**Input data:**
↓↓↓

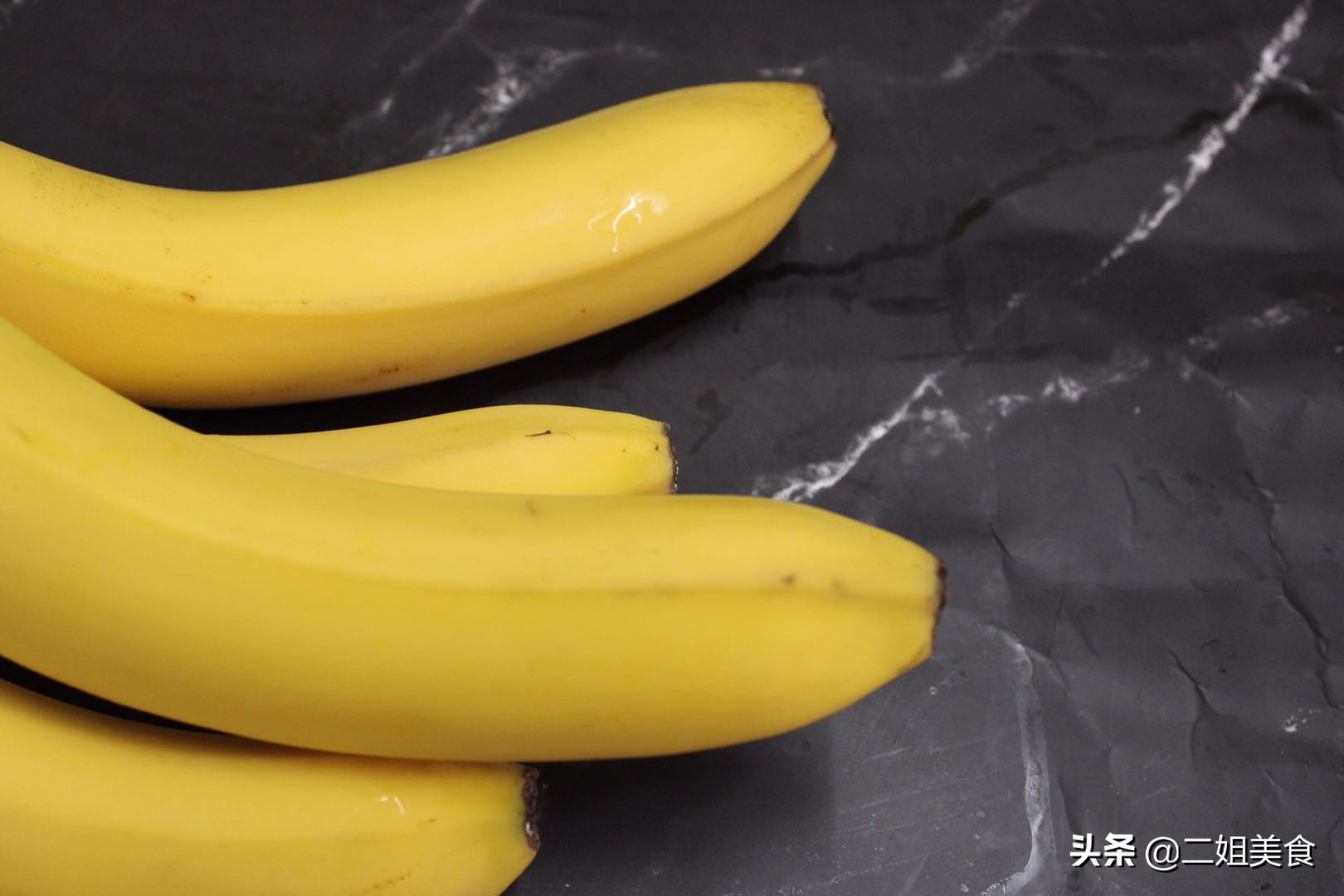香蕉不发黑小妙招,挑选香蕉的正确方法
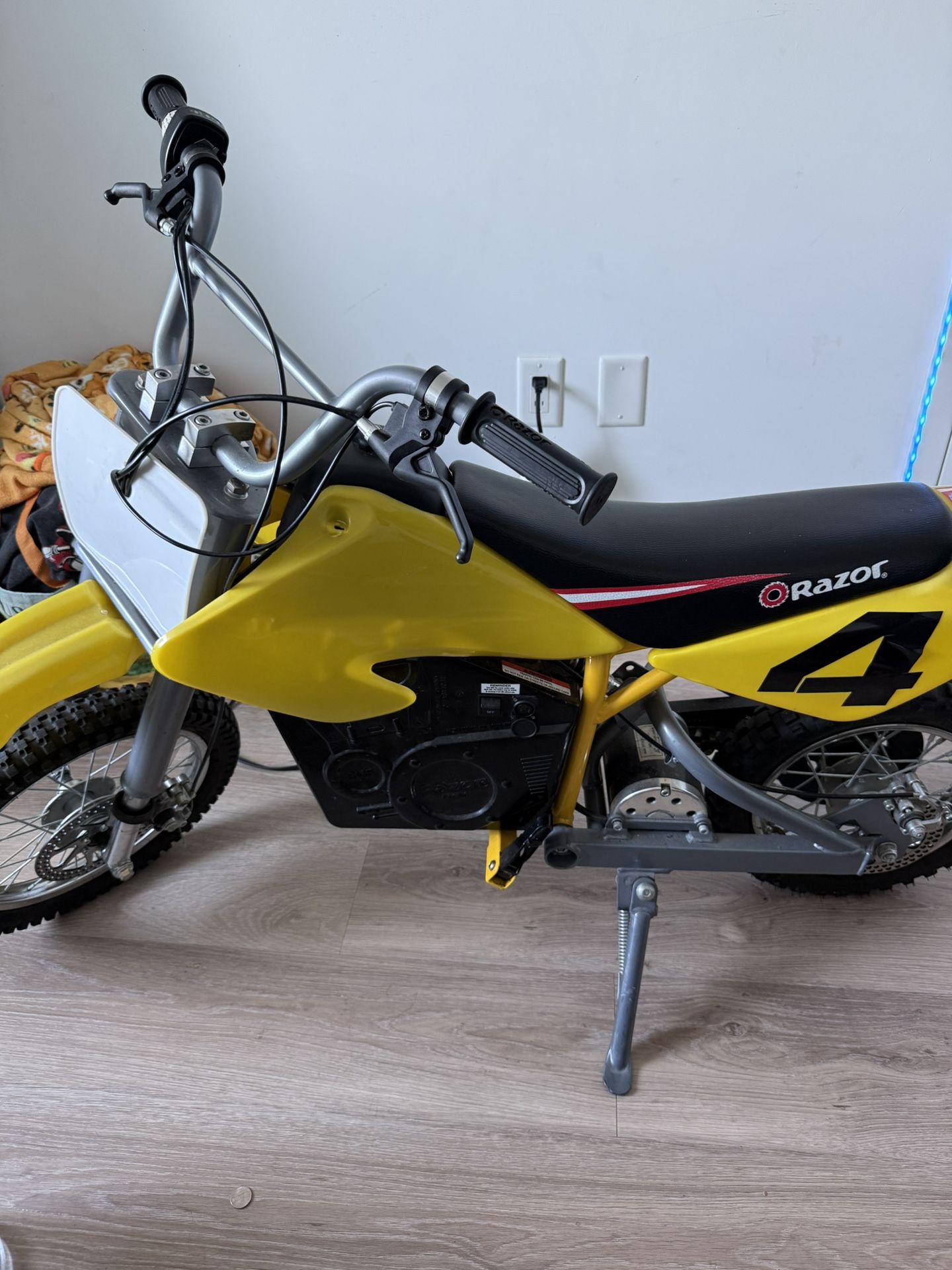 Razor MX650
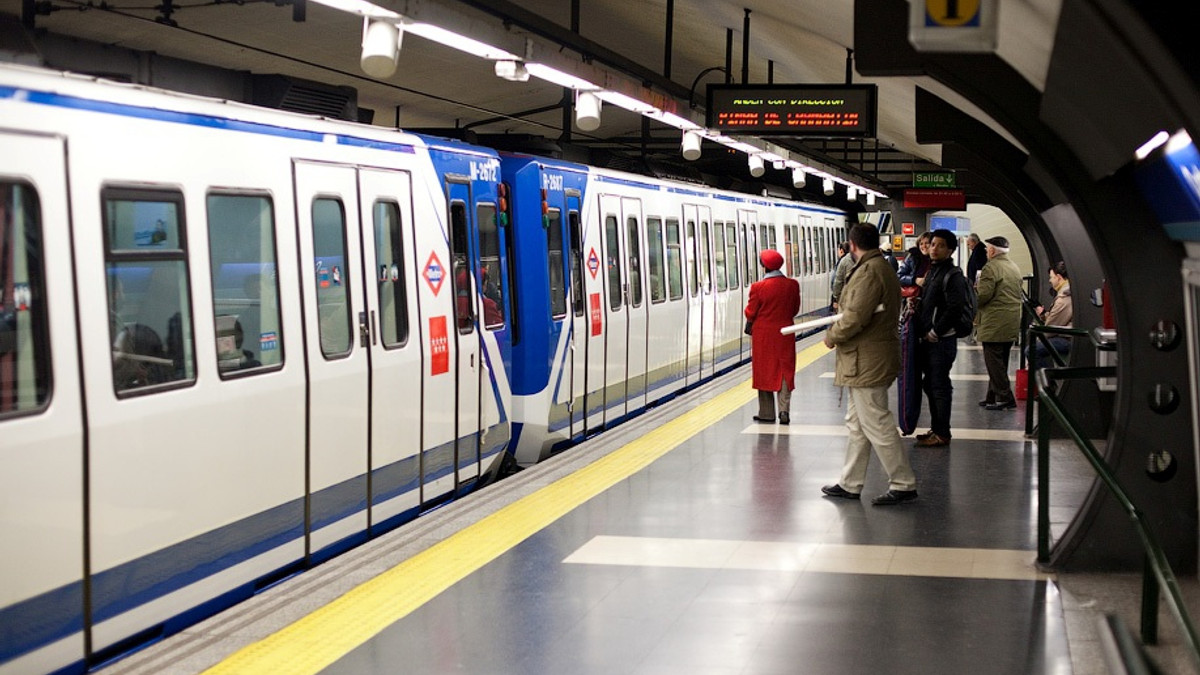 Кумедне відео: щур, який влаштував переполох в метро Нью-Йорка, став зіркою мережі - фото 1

↑↑↑

**What is required:** Print the listing word for word, but omit the pictures.

**The completed task:**
香蕉不发黑小妙招,挑选香蕉的正确方法
 Razor MX650
 Кумедне відео: щур, який влаштував переполох в метро Нью-Йорка, став зіркою мережі - фото 1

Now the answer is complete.